L’INVENTAIRE DES RISQUES SST

Trucs et astuces pour la réussite

Pourquoi l’inventaire des risques SST est-il impératif pour votre entreprise ? L’article précédent, le premier de cette série, soulignait qu’il s’agit d’une obligation
règlementaire tant au Québec que sous législation fédérale. Penchons-nous maintenant sur des considérations plus pratiques de cet exercice.

Alain Daoust

Dans l’article précédent, nous avons procédé à un questionnaire d’évaluation pour comprendre le pourquoi de votre réussite… on non, en matière de contrôle des dangers et des risques. Si vous n’avez pas fait le test, je vous invite à le faire. Vous le trouverez dans l’édition précédente de Travail et santé (1). Mais, quelle est au juste la logique derrière cette obligation d’inventorier les dangers et les risques du milieu de travail? Tout simplement que, sans cet exercice, votre programme de prévention, ou programme SST, n’aurait que peu de valeur. L’inventaire des dangers et des risques est la matière première qui permet d’élaborer votre plan d’action SST, d’en assurer la cohérence avec votre milieu de travail. Je vous réfère à la figure 1 qui fait le lien entre cet exercice et les objectifs de votre programme SST ou de votre SGSST (2). Prenons ensuite le temps de décortiquer chacune de ces étapes en y associant des trucs et astuces de réussites et en identifiant des pièges possibles. Allons-y.
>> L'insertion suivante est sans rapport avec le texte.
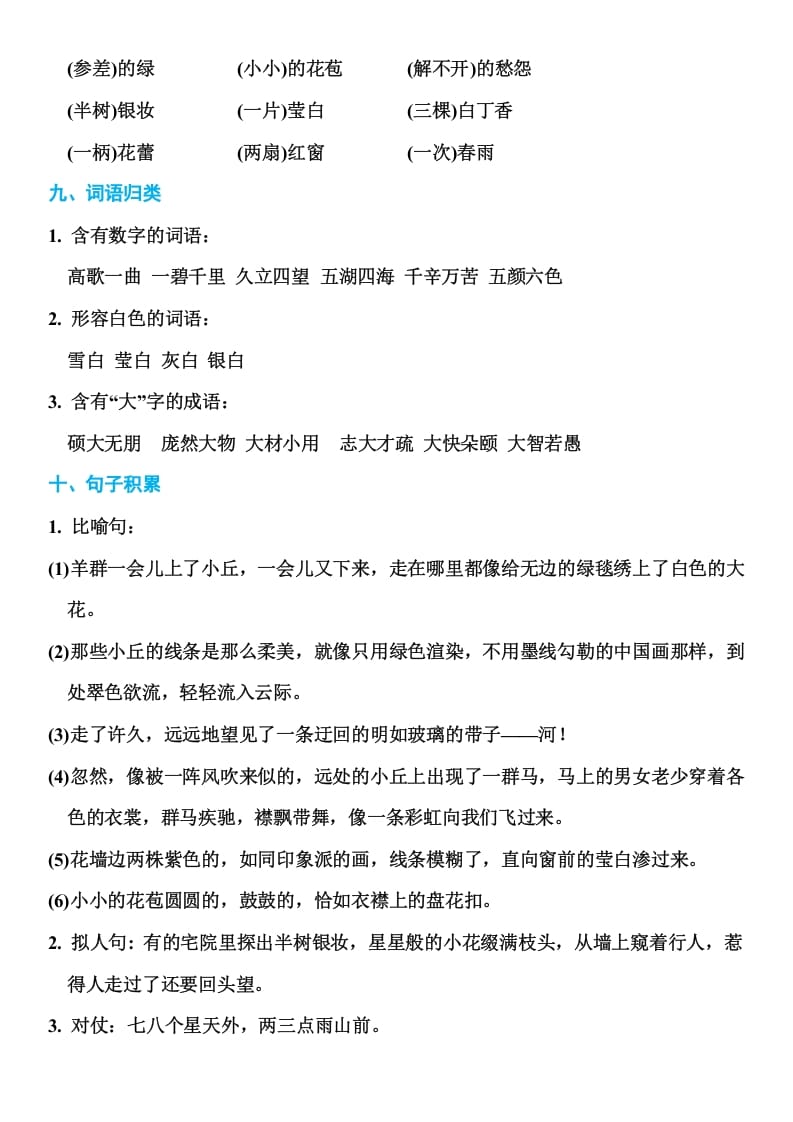 图片[3]-六年级语文上册部编本期末知识点汇总（部编版）-扬明学科网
Le registre des postes de travail

Ce registre est prescrit par la Loi sur la santé et la sécurité au travail du Québec (LSST), à l’article 52. Son objectif est de classifier les postes de travail et de leur associer les caractéristiques qui peuvent avoir une incidence sur la santé et la sécurité des travailleurs. Ces caractéristiques sont reliées aux tâches, aux équipements, aux matériaux et contaminants utilisés.

Trucs pour la mise en place du registre des postes de travail

Le registre des postes de travail est en fait un inventaire des postes et de leurs caractéristiques. Pour le mettre en place, commencez par répertorier les postes de travail de l’entreprise. En règle générale, le service des ressources humaines possède une liste des postes et de leurs principales caractéristiques. Cette liste peut constituer la base de votre registre. En petite et moyenne entreprise (PME), cette liste est simple à effectuer compte tenu du petit nombre d’employés. Ensuite, étoffez la description en y ajoutant des éléments comme les tâches principales, les matériaux et contaminants, les lieux de travail, y compris les déplacements sur la route et les visites chez les clients, le cas échéant, et les équipements et machines. Le fait d’utiliser une liste ou un registre déjà en cours dans l’entreprise vous permettra de jumeler en un document unique votre registre destiné à servir de base pour votre inventaire des risques.

Pièges possibles

Désireuses de bien faire, certaines entreprises développent un registre des postes de travail trop exhaustif. Le temps requis pour l’élaborer est alors un handicap pour l’avancement du projet global. La consigne: restez simples. N’oubliez pas que ce registre est un outil, pas une fin en soi. Votre SGSST ou plan d’action SST est un projet en mode d’amélioration continue. Ne visez pas la perfection, soyez réalistes.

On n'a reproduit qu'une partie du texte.